> _ACTION ITEM_: Each line from the one containing "Car goes airborne" through the final line below must be reproduced exactly, and no others.

> _DATA SECTION_:
========================

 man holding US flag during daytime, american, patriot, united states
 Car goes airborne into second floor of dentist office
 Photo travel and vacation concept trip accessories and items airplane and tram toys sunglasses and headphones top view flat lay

========================

> _RESPONSE_:
 Car goes airborne into second floor of dentist office
 Photo travel and vacation concept trip accessories and items airplane and tram toys sunglasses and headphones top view flat lay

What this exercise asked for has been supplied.